ABOUT THIS TASK = Only the lines from the line containing "Picture Keeper USB Drive Mac PC New" to the end of the entries, both included, belong in your answer, and each must match exactly.

##### GIVEN DATA #####

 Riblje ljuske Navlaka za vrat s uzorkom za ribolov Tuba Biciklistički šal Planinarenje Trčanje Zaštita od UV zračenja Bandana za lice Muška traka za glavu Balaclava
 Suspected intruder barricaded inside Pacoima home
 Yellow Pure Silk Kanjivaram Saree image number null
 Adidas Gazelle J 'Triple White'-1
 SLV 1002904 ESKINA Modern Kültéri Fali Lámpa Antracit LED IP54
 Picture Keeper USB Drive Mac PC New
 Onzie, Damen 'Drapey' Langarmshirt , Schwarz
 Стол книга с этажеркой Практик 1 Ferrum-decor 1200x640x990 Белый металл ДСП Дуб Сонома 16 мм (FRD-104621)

#####

ANSWER SPACE =
 Picture Keeper USB Drive Mac PC New
 Onzie, Damen 'Drapey' Langarmshirt , Schwarz
 Стол книга с этажеркой Практик 1 Ferrum-decor 1200x640x990 Белый металл ДСП Дуб Сонома 16 мм (FRD-104621)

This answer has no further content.